An update on Dan: He has recently squatted right around 240 beltless and pulled 280x5. I don't have a recent squat video but here is 165x5x3 from a year ago and the last rep of his 280x5 pull. Not perfect but we are working with 74 years of injury accumulation and arthritis.

CJ Gotcher

Going beyond your specific question to address something a bit behind it.

  • Starting Strength is not the back angle you assume coming up in a squat.
  •  
  • Starting Strength is not the "chest down" cue.
  • Starting Strength is not the low bar back squat or wrapping your thumbs over the bar.

Starting Strength is a mechanical model of human movement under a barbell applied over time by coaches working with real human beings. If necessary, we over-cue. We prioritize, ignoring some faults until more important issues are addressed. We accommodate. We simplify. We use different exercises and drills/tools to help particularly recalcitrant lifters. All these things are within the scope of the model, and in the hands of a skilled coach, they aren't deviations from the model but examples of the expert application of that model in unusual circumstances.


Best of the Forum

Thoughts on this comment regarding “contracting the abs.”
manis5

Andrew Vigotsky posted this comment on Facebook.

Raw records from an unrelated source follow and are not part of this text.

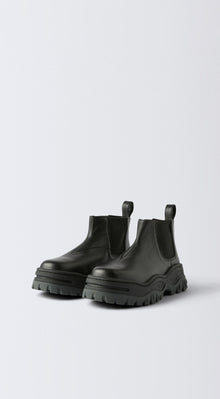 Tempest Leather Black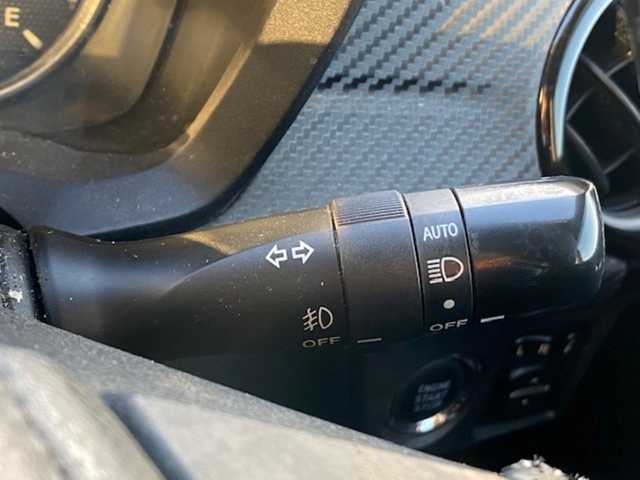 トヨタ カローラ フィールダー 1．5G エアロツアラー W×B 兵庫県 2013(平25)年 11.5万km ブラック ・社外SDナビ/・バックカメラ/・フルセグTV/・キセノン/・スマートキー/・ハーフレザーシート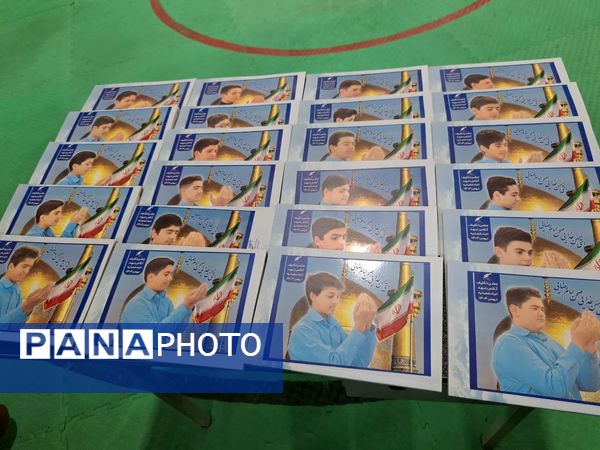 جشنِ تکلیفِ «به وقتِ میهن خدایی» دانش آموزان اشکذری همراه دستبوسی مادر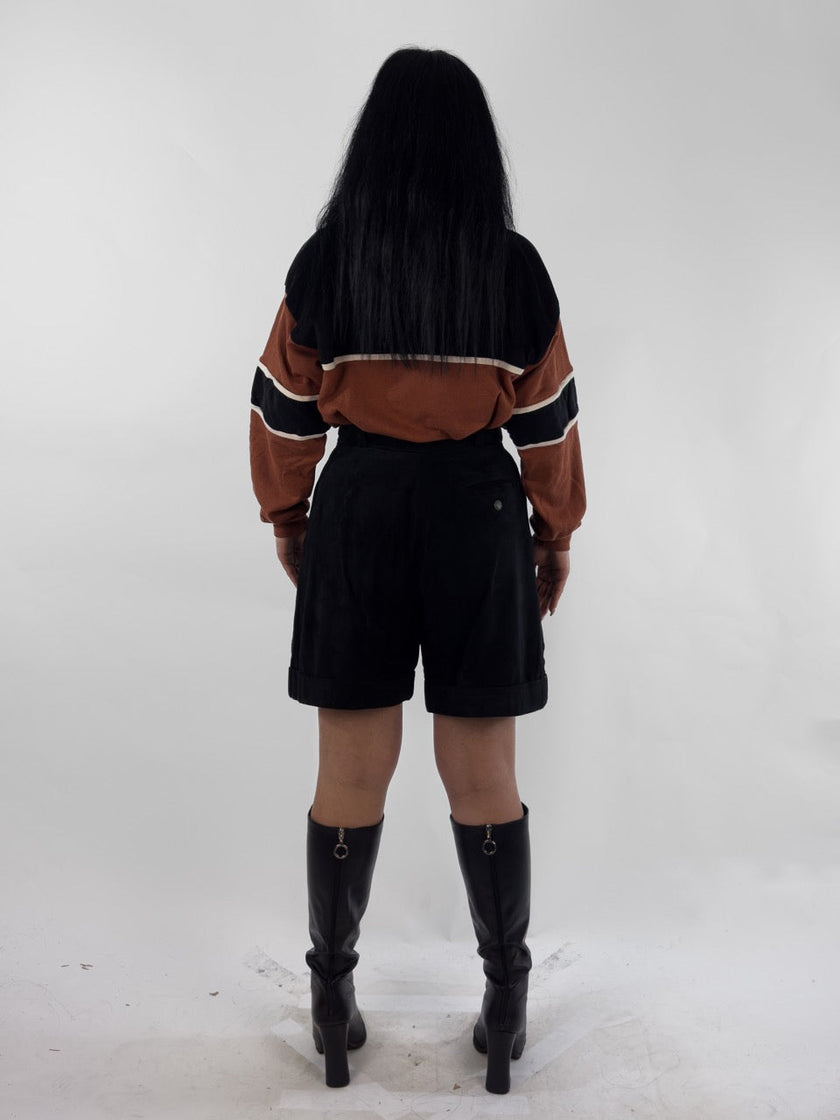 1990s PLEATED LEATHER BERMUDA SHORTS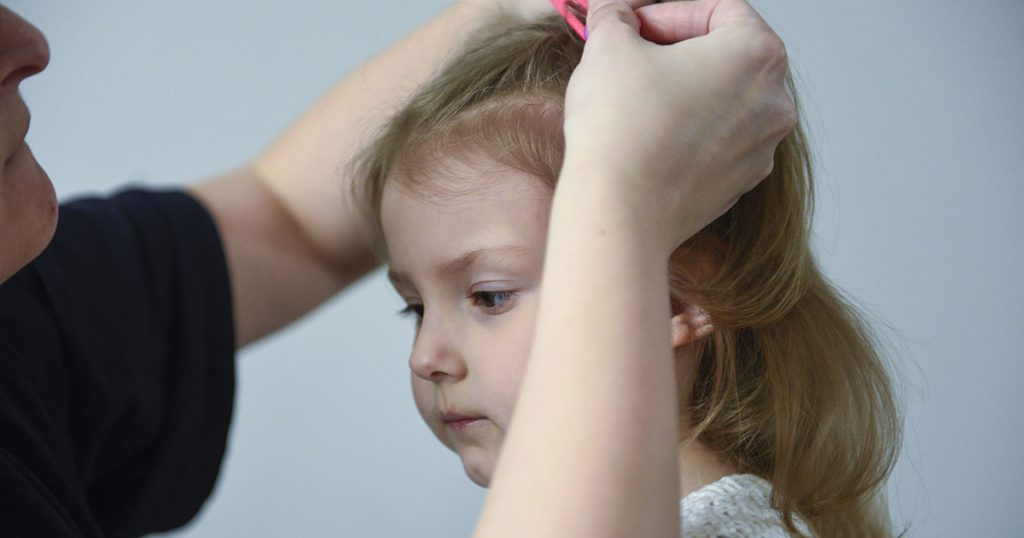 Podczas rozprawy w mojej sprawie rozwodowej sędzia poprosił moją pięcioletnią córkę o złożenie zeznań — jej słowa sprawiły, że cała sala sądowa zamilkła.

The usual keyboard warriors came out in full force afterwards so I was just curious to get your 2 cents on the comment since your name inevitably came up during the conversation.

"Contracting the abdominals would result in a spinal flexion moment, partly countering of the extension moment produced by the erectors. This would result in a faster fatiguing of the erectors, a smaller net extension moment, unnecessarily larger compression forces, and possibly, less weight lifted. The rectus abdominis is an antagonist of the erector spinae; it would be, to be blunt, stupid to contract it, let alone to a large degree, in a movement that requires such a large extensor moment. The idea that the abdominals work to a large degree in movements like the squat and deadlift is not only unfounded and unsubstantiated, but is also unwarranted, as it does not make sense, biomechanically, to activate them in such a movement."

Mark Rippetoe

I seldom comment on internet comments, but I'll just ask you to think about the role of isometric contraction of abs, erectors, and everything else in a squat or pull. Not every muscle contraction results in a change in muscle belly length. I thought this was commonly-possessed understanding – agonist/antagonist function, a balance of extension and contraction, etc. This type of thinking is typical of "physios" who only consider the isolated contractile function of individual muscles.

CJ Gotcher

He conflates the rectus abdominis with "the abs," without making reference to transverse abdominis or the interior/exterior obliques, which also play a significant role in respiration/intrabdominal pressure. Interesting.

My swing at this one: will he now suggest that the hamstrings aren't involved in the squat? After all, the hamstrings resist the quadriceps at the knee – it's "stupid to contract it" under this logic. Contraction of the RA may indeed resist action of the SE resulting in "a faster fatiguing of the erectors" and "a smaller net extension moment," but if the increased intrabdominal pressures from the contraction contribute to greater spinal rigidity, more weight can be lifted.

Also, the comment of "unnecessarily large compression forces" is interesting. Experimental observation of squats have, in several studies I've seen, shown that wearing belts/increasing intrabdominal pressure reduces the shrinking of the intervertebral discs caused by the axial loading in a squat.